The native Go integration was a really good move; a lot of interested cross-
overs I am sure from the Go community will get into 9front because of that
attractive piece.

------
mycroftiv
I see several good things on the list of new features. The rc-based boot
process is definitely a good idea. I haven't had the issues with the fossil
filesystem that some have, so I don't know about cwfs as the main on-disk
fileserver, but I'm looking forward to trying it out. A lot of the
contributors have been doing good things in the Plan 9 world for quite awhile
now. A list of some of the new features is at
<http://code.google.com/p/plan9front/wiki/features>

------
1337p337
The IRC channel (#cat-v on freenode) has been extra helpful and responsive.
I've now got 9front mostly up and running on qemu and my T60, thanks to devs
fixing drivers on the fly while I passed along screenshots of error messages.
I've been interested in hacking on Plan 9 for a while but have had little luck
getting it to boot before 9front (even 9atom).

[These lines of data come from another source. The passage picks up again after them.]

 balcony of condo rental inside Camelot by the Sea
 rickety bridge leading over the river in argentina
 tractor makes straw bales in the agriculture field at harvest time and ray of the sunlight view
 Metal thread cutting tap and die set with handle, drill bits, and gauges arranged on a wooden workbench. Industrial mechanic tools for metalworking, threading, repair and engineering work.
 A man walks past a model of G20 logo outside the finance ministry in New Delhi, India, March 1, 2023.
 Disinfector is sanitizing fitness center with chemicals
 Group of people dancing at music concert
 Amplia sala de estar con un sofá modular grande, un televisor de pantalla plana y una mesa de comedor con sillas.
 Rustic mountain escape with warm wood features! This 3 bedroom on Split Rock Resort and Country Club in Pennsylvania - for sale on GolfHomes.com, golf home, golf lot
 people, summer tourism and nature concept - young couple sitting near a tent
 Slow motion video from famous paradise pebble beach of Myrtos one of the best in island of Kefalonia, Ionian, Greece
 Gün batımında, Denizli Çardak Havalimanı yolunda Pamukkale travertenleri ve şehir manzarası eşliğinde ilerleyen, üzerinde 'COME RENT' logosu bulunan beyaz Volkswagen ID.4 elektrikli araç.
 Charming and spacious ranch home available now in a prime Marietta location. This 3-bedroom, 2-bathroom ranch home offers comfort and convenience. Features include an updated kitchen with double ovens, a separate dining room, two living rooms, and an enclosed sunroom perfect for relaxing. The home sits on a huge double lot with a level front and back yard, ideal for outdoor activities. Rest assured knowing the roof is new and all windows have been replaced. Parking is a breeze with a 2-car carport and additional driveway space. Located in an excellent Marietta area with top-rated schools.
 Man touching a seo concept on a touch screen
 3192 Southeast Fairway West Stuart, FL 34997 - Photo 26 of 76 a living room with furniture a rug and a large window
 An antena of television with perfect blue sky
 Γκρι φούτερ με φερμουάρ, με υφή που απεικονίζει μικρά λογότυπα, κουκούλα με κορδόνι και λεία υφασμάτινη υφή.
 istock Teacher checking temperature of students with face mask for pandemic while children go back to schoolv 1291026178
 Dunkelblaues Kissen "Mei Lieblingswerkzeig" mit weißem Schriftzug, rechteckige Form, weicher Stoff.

A couple of years down the road, it would be delightfully perverse to end up
with Plan 9 running in the server room and Linux/OSX on the devs' desktops.
Maybe unlikely, but fun to consider.

------
pama
Here is funny artwork for 9front:

<http://plan9.stanleylieber.com/9front/>

------
cdcarter
This is the first big step to actually creating an ecosystem for plan9. It's a
fantastic OS, though there's not much I can do with it, unfortunately. Maybe
that will change now!

------
RexRollman
Personally, when considering the number of ex-Bell Labs employees there, I had
hopes that Google would pick up the rights to Plan 9 and continue it. Plus,
Google has the deep pockets needed to ensure proper device driver support for
modern hardware.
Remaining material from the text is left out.